- Location: France
- Wine region: Bordeaux wine region

= Vieux Château Certan =

Vieux Château Certan is a Bordeaux wine from the appellation Pomerol. The winery is located on the Right Bank of the Bordeaux wine region, in the commune of Pomerol in the department Gironde. As all wine produced in this appellation, Vieux Château Certan is unclassified, but the estate is long recognised as among the great growths of the region, and by some reckoned comparable to neighbouring estate Château Pétrus.

The château also produces a second wine named Gravette de Certan.

==History==
Although the estate's origins are uncertain, its age has been estimated by professor Henri Enjalbert to an origin date around 1770. It was then the property of the Demay family, and the estate was named Sertan. Long estimated as the leading estate of the region, it yielded the position to the adjacent Pétrus in 1875.
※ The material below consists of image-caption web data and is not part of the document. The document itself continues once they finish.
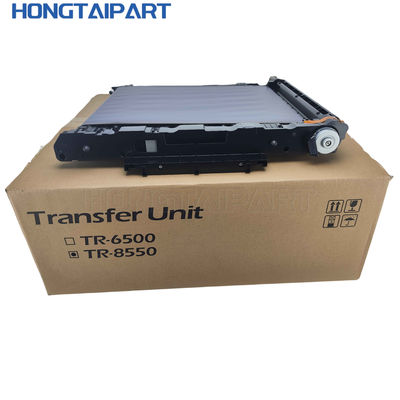 ซื้อ เครื่องยึดยูนิตแอนเทรนซ์เบิร์ทอริจินอล 302ND93150 TR-8550 2ND93150 TR8550 สําหรับ Kyocera TASKalfa 2552ci 2553ci 3252ci เครื่องสําเนา การผลิตออนไลน์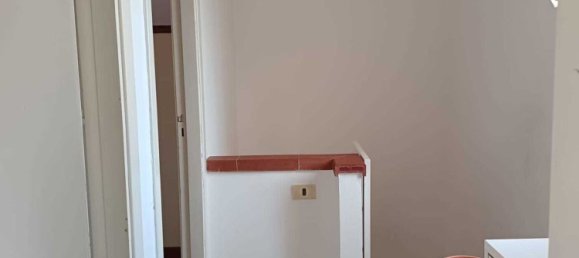 5 chambres Maison à Palermo, Italy No. 360028 44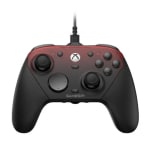 Mando GameSir G7 Pro BK TRI-MODE Negro y Rojo Conectividad Tri-Modo por 69.99€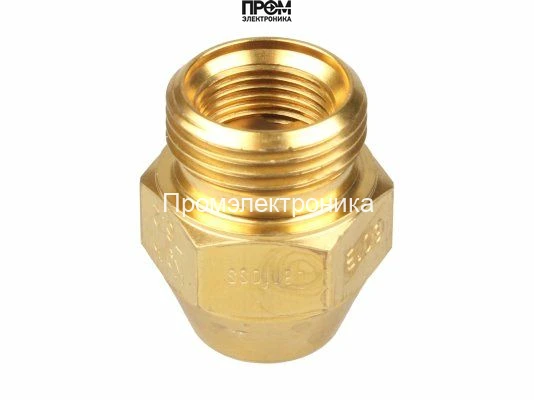 Форсунка Danfoss OD 19,50 / 60º B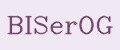 BISerOG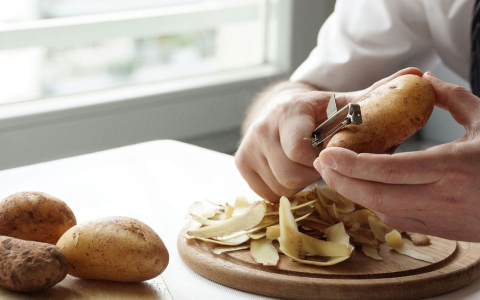 50 Foods That Should Never Be Put in the Refrigerator—Avoid These!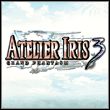 game Atelier Iris 3: Grand Phantasm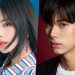 Sinopsis Lengkap Drama Korea Terbaru “Hierarchy,” Dibintangi Roh Jeong Eui dan Lee Chae Min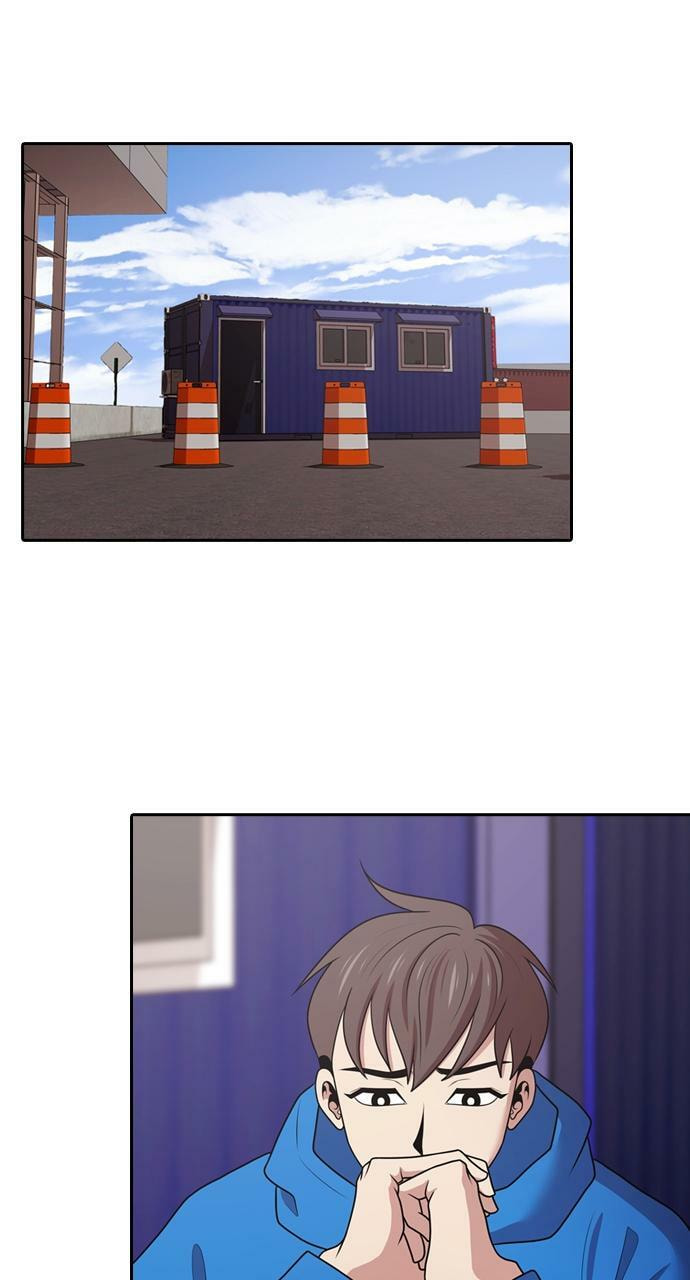 Tomorrow (Llama) Chapter 180 page 50 - 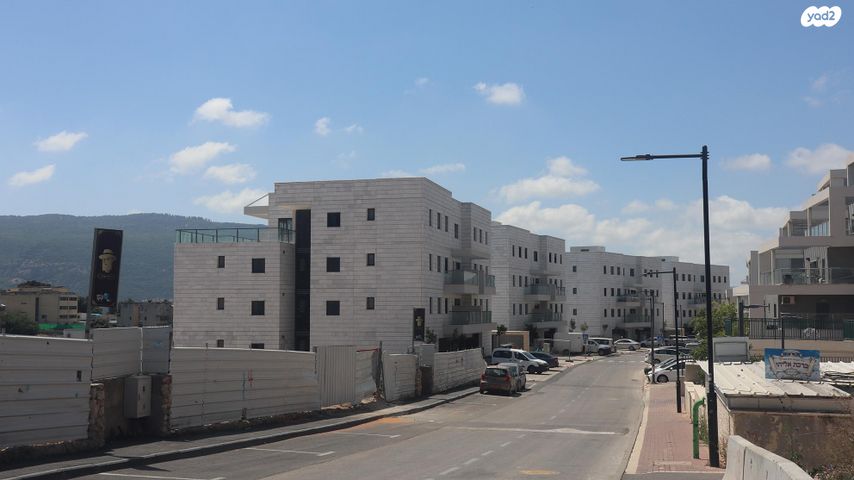 חצב 3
The estate was bought by the Belgian wine merchant Georges Thienpont in 1924, and it has remained within the family since. The family diversified in 1979 when Marcel and Gérard Thienpont founded nearby microcuvée estate Château Le Pin. In 1985, management of Vieux Château Certan came to Alexandre Thienpont.

==Production==
The estate consists of 14 hectares with the grape variety of 60% Merlot, 30% Cabernet Franc and 10% Cabernet Sauvignon. The annual production averages 5,000 cases of the Grand vin.